Detection of bacteria from gnotobiotic larvae deposited onto plants
To determine whether gnotobiotic larvae secreted the same bacteria onto damaged plants, surface-sterilized gnotobiotic larvae were placed on the rice stems confined by sterilized tubes, and undamaged plants were treated with an empty tube. The rice stems were wiped with 70% ethanol before the infestation of SSB larvae. After 24 h of feeding, the tubes were removed, and the boring sites on the stems were detached by sterilized scissors. The collected tissues were suspended in 2.5 mL tube with 1 mL liquid 2 × YT media and cultured overnight in a rotary shaker at 200 rpm at 27 °C. Ten microliters of the culture were heated at 95 °C for 10 min. DNA released from the bacterial cells was amplified with specific primers showed in Additional file 1: Table S1. Gel electrophoresis was conducted to examine the PCR products, which were then sequenced and verified.

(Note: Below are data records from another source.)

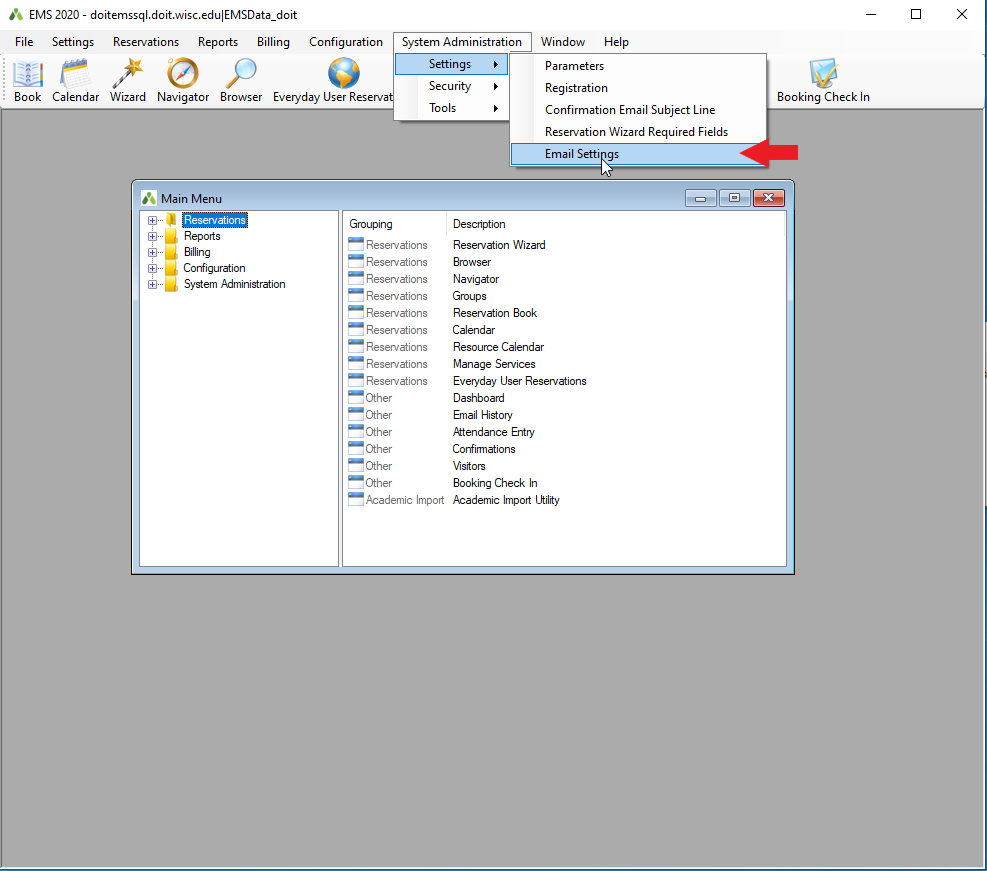 Image of EMS main Screen showing System administration dropdown, Settings dropdown, Identifying Email Settings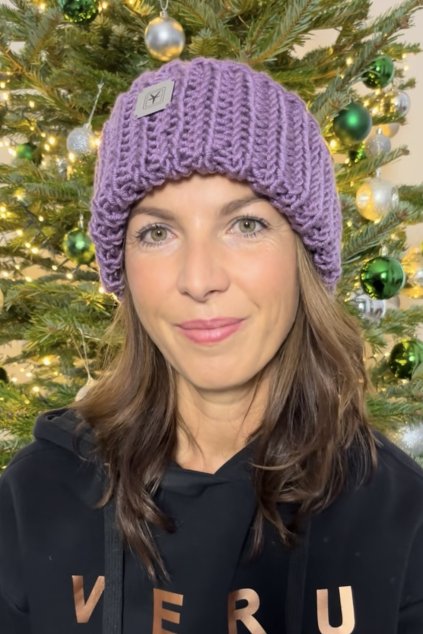 Pletená maxi čepice-fialová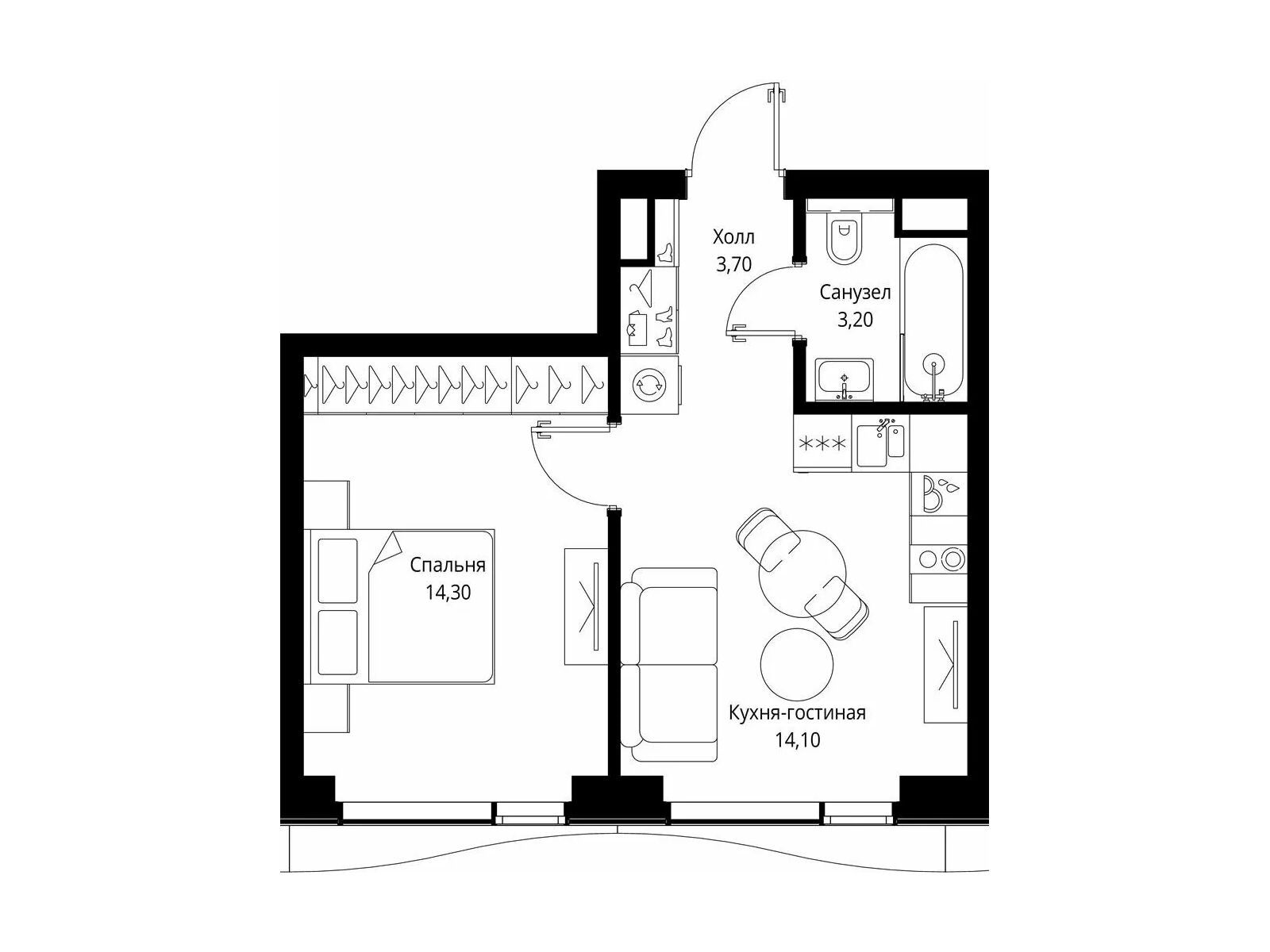 Планировка: 1-комн. квартира 35.30 м² в новостройке ЖК Ситидзен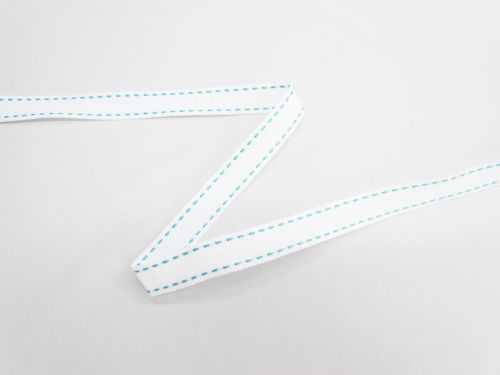 Great value 15mm Stitch Grosgrain Ribbon- White / Blue #T1025 available to order online New Zealand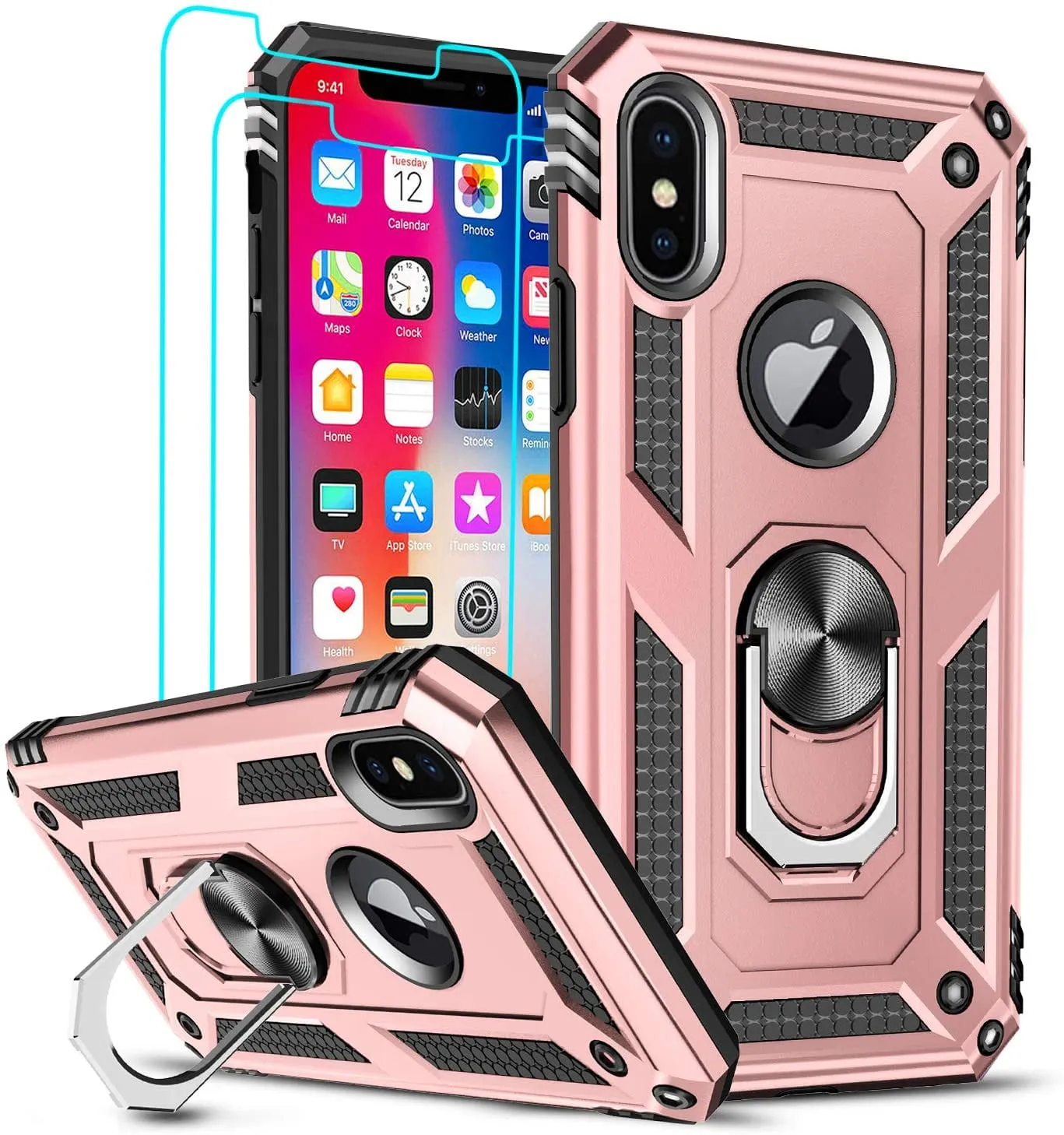 Entronix Apple iPhone XS Max Case - Guard Ring Holder & 2 Clear Screen Protectors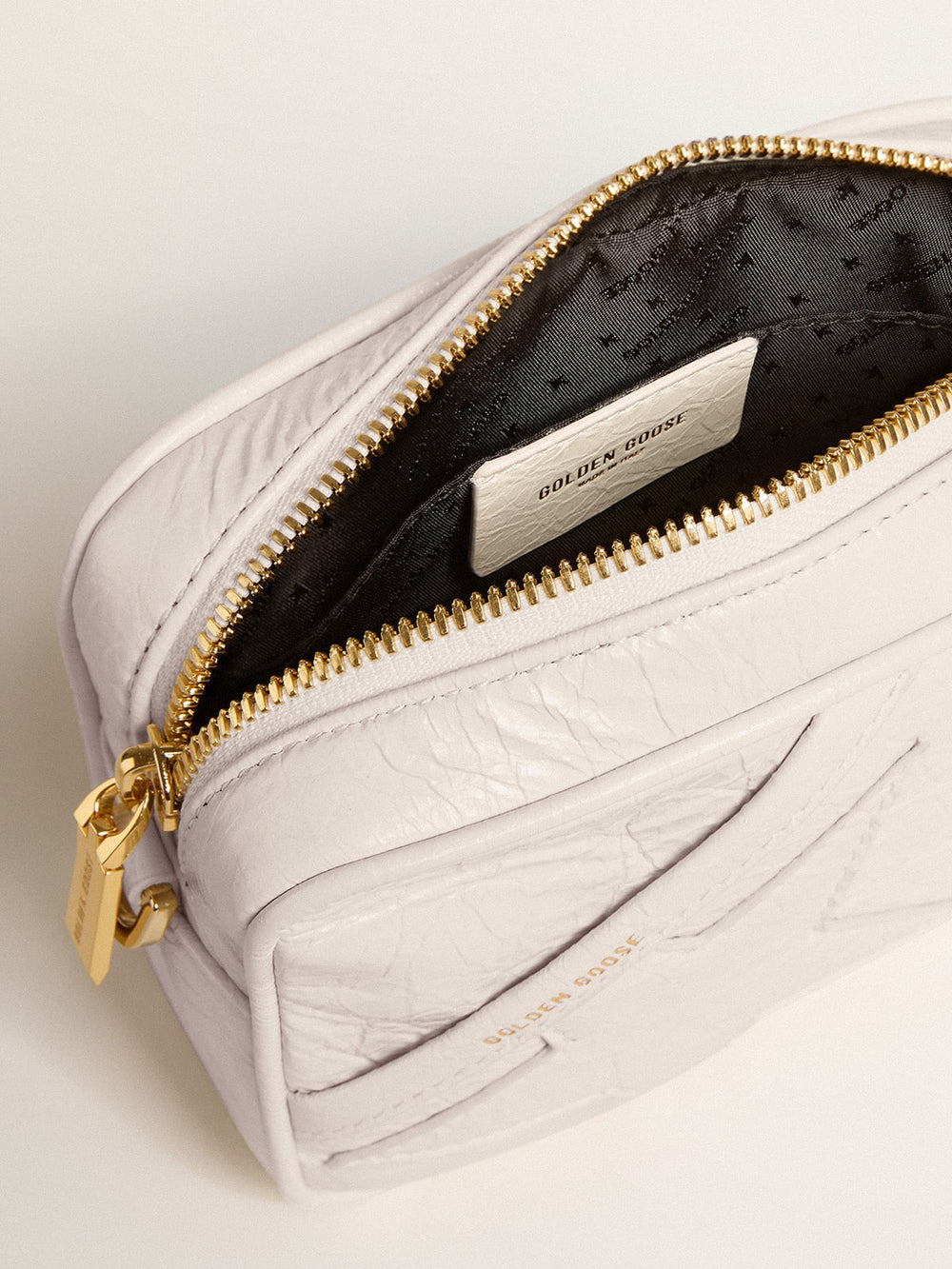 Golden Goose Mini Star Bag in butter-white leather with tone-on-tone star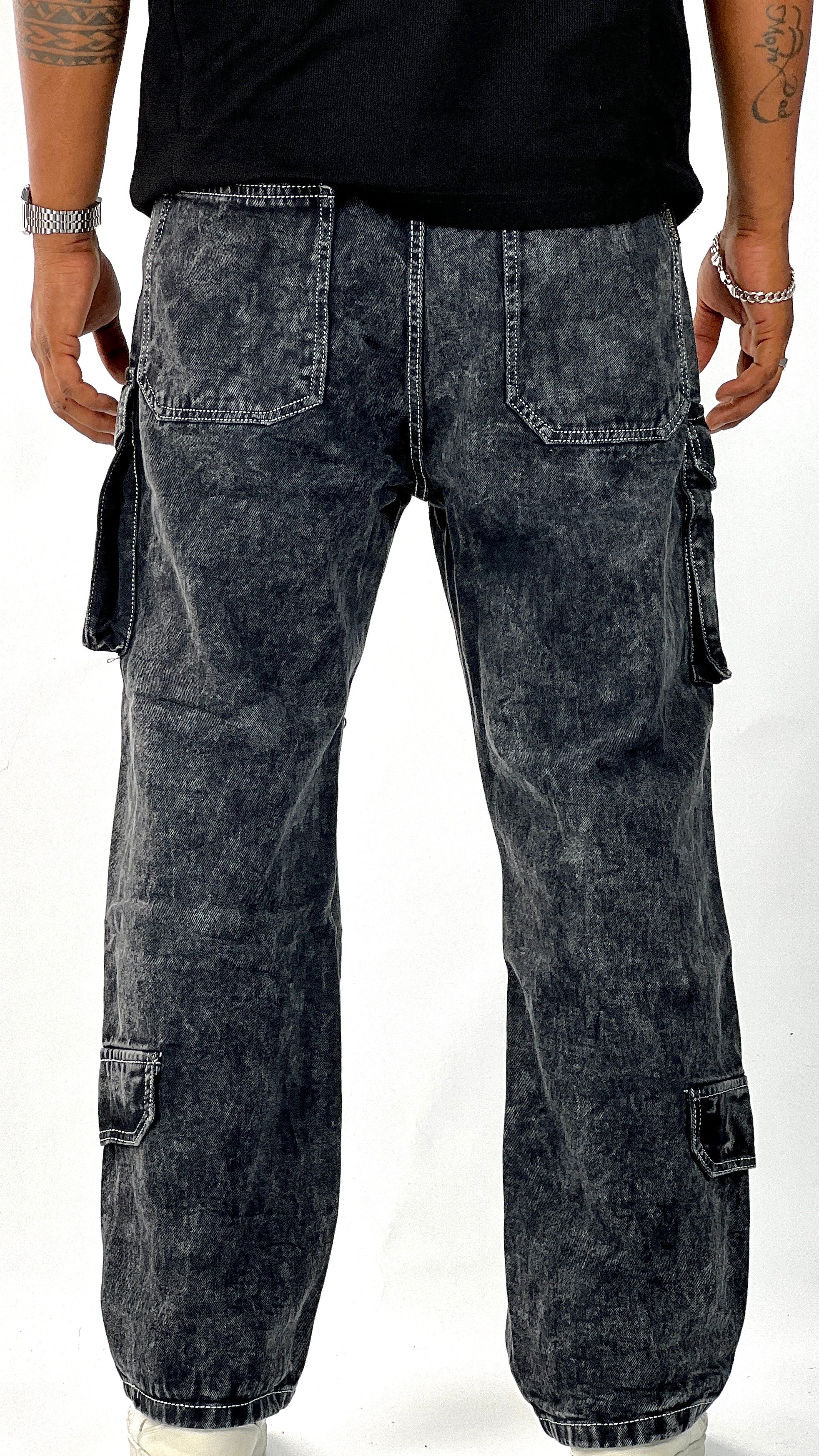 GRAY WASH BAGGY CARGO WITH KNEE ZIPPER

Effect of OS from gnotobiotic larvae on defense responses in rice
Twenty microliters of OS collected from larvae inoculated with Enterobacter were applied to the wounded sites of rice stems using a puncher. Plant tissue around the damaged area was harvested for measuring the expression levels of plant defense signaling pathway-related genes (24 h later) and LOX activity (48 h later) according the detailed methods described above. For insect bioassay, 3rd instar larvae were allowed to feed on plants pre-treated with OS collected from axenic or gnotobiotic larvae. After 3 days of feeding, the mass gain of larvae on each plant was weighted. Each treatment had more than 30 replicates, and the experiment was repeated three times.
Statistical analysis
The normal distribution and homogeneity of all data sets were verified before analysis. Minitab 16 (Minitab Inc., State College, USA) was used for data analysis. Data were analyzed by one-way analysis of variance (ANOVA) followed by Fisher’s test or unpaired student’s t-test (significance level, p < 0.05). The sample size and number of replicates for all the assays and analysis are indicated in the legends of the corresponding figures. All figures were generated using GraphPad Prism 8 (GraphPad Software Inc., San Diego, CA, United States).